Bowser, in an attempt to spotlight Catania’s approach to politics, pointed out that he was on the losing end of a 2007 City Hall battle to approve taxpayer funding to build a stadium for the Washington Nationals and has yet to visit the ballpark.

“That kind of speaks to his temperament and how he will represent our city,” she said.

In 2012, Catania and Marion Barry, a fellow council member and former mayor, infamously engaged in a profanity-laced exchange over the hospital issue that nearly turned physical.

Catania, a Georgetown University law school graduate, essentially accused Barry of turning his back on the under-served population he represents and allowing his personal problems to interfere with his commitment to public service. “Elvis has been to United Medical Center more than Marion Barry,” said Catania, according to The Washington Post.

Barry, who served prison time after being caught on a 1989 FBI surveillance video smoking crack, said Catania’s behavior was part of pattern of him being “rude” and “disrespectful.”

“If I wasn’t on the council, there would be fisticuffs,” Barry also said.

Sommer thinks Catania’s occasionally “caustic” behavior has alienated some voters, pointing to a recent poll showing likely voters said roughly 2-to-1 that Bowser has a better “personality and temperament.”

“But you can see he’s made a concerted effort to change after 17 years of hard charging, maybe after starting to think about running for mayor,” Sommer said.

Still, turning up the heat on Bowser in the closing stages of the race may not be a bad strategy, considering District voters have a history of electing come-from-behind candidates.

Bowser, for example, trailed Gray by 8 percentage points roughly eight weeks before winning the spring primary. And in 2006, a late surge of popular support helped Democrat Adrian Fenty become mayor.

A second independent in the mayoral race, Carol Schwartz, also a former Republican, now pulls 16 percent of the vote in the latest poll, which stands to hurt Catania the most in a close finish with Bowser. Fourteen percent of likely voters remain undecided, according to the survey. 

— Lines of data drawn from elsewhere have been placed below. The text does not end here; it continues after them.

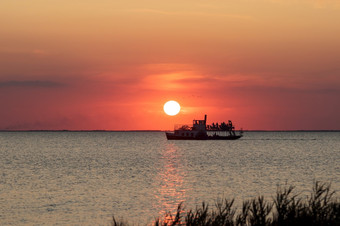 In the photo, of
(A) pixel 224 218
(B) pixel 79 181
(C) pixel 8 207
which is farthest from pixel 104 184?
(A) pixel 224 218

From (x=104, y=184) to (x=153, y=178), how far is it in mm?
9156

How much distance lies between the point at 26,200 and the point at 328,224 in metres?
31.0

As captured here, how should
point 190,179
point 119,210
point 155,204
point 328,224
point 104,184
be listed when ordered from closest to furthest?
point 328,224, point 119,210, point 155,204, point 104,184, point 190,179

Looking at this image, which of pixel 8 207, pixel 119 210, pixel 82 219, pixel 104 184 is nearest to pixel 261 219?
Answer: pixel 82 219

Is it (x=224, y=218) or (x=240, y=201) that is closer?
(x=224, y=218)

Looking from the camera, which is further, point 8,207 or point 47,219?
point 8,207

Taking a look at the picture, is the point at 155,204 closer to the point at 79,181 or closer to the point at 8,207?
the point at 8,207

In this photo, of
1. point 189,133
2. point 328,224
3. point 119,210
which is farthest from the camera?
point 189,133

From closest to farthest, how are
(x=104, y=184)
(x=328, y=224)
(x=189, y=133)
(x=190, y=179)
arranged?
(x=328, y=224) < (x=104, y=184) < (x=190, y=179) < (x=189, y=133)

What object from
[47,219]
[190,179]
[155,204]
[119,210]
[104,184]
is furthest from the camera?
[190,179]

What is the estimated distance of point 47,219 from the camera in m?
34.7

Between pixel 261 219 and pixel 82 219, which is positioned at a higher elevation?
pixel 261 219

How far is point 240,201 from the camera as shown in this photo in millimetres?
42000

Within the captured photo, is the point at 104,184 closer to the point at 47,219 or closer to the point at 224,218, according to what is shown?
the point at 47,219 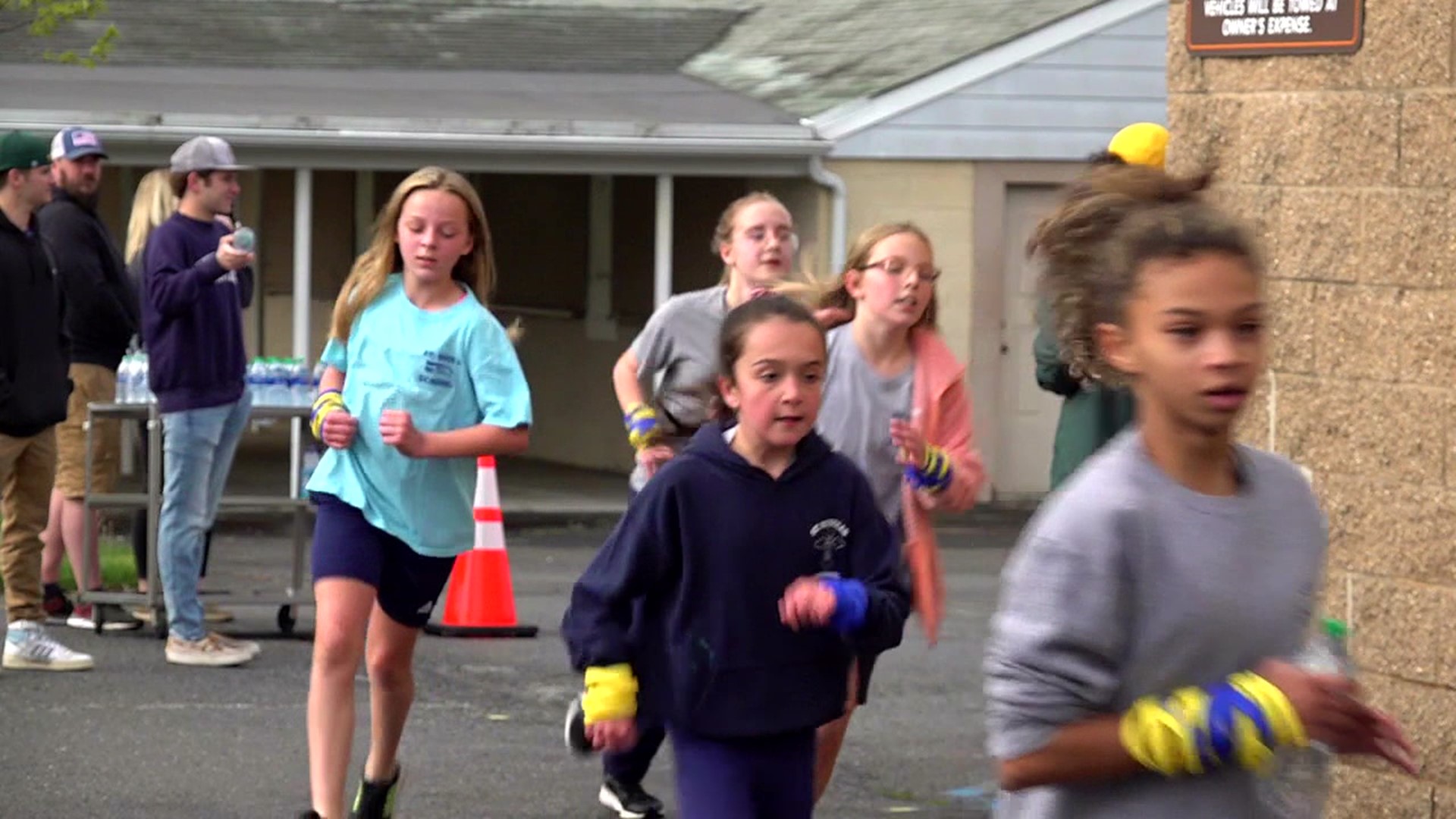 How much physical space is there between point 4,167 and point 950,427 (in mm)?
4669

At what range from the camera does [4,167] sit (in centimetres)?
955

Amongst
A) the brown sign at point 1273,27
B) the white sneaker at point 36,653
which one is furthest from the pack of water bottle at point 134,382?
the brown sign at point 1273,27

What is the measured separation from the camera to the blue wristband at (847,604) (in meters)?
4.91

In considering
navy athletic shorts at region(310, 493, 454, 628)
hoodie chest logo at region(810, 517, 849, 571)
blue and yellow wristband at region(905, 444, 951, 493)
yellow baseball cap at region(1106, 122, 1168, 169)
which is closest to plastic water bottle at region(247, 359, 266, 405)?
navy athletic shorts at region(310, 493, 454, 628)

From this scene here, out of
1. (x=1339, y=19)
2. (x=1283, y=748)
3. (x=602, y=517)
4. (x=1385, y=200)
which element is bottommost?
(x=602, y=517)

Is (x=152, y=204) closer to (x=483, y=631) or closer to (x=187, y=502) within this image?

Other factors include voter turnout.

The city has 456,633 eligible voters. However, just 27 percent of registered Democrats voted in the April primary, the lowest turnout for a mayoral primary in more than three decades. And just 12 percent of them voted for Bowser. And those percentages are not expected to increase in November, without a presidential race to bring out voters, which could help Catania.  

“I call it the ‘yuck factor,’” Chuck Thies, who managed Gray’s unsuccessful re-election campaign, told The Associated Press. “People get tired of hearing about one scandal after the next after the next, and they say, ‘You know what? Yuck. I’m not participating.’”

Bowser, meanwhile, is sticking with her motto of “if Democrats vote, Democrats win. Period, end of story.” 

Bowser campaign spokesman Joaquin McPeek said Tuesday that the candidate's closing strategy is no different than what got her to this point -- going door to door, hosting meetings and connecting with voters at the ground level.

“Muriel continues to do what won her the primary and what we believe will win in November,” he said.

Another factor is the strong local economy, which also helped bring to the city roughly 80,000 more registered voters in the past four years, among them many who appear to have a vested interest in cleaning up City Hall. 

Catania points out that the prosperity never reached the two poorest wards, where the unemployment rate hovers at about 18 percent.

“Nothing has really changed there,” Catania said. “I think the population is so ready for an independent outsider.”